• [TRY IT]: In the listing below, find the line holding "Fototapeta premium Wooden" and the line holding "Münchner neueste Nachrichten". Write out those two lines and all lines between, exactly, and nothing more.

• [DATA SECTION]:

=-=-=-=-=

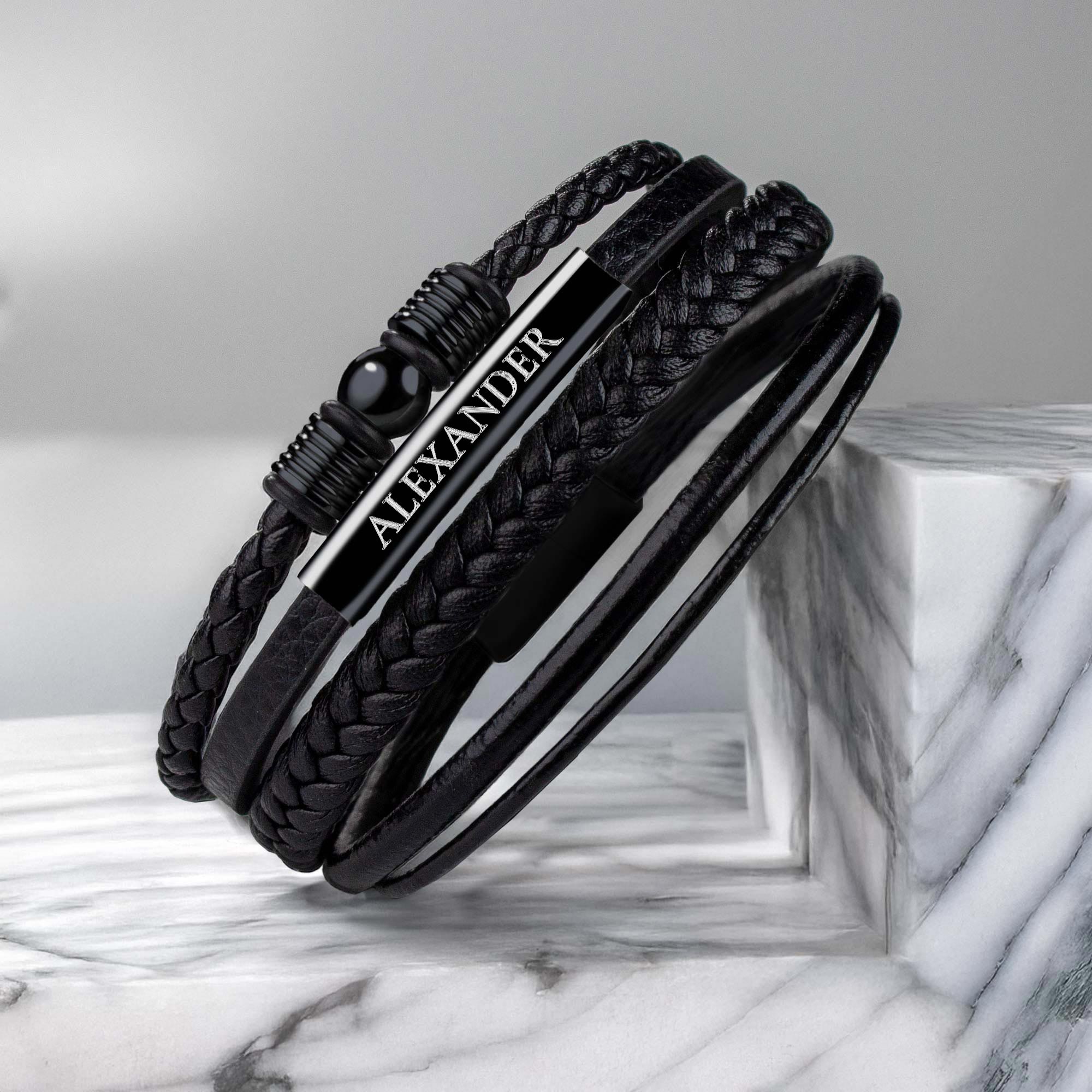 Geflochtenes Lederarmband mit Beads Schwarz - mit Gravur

=-=-=-=-=

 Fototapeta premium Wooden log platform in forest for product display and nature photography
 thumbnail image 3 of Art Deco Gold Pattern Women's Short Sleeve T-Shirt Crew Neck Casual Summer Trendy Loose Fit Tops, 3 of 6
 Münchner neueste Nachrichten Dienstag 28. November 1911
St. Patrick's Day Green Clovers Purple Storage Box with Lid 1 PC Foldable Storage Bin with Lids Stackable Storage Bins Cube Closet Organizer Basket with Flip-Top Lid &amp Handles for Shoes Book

=-=-=-=-=

• [WRITTEN SOLUTION]:
 Fototapeta premium Wooden log platform in forest for product display and nature photography
 thumbnail image 3 of Art Deco Gold Pattern Women's Short Sleeve T-Shirt Crew Neck Casual Summer Trendy Loose Fit Tops, 3 of 6
 Münchner neueste Nachrichten Dienstag 28. November 1911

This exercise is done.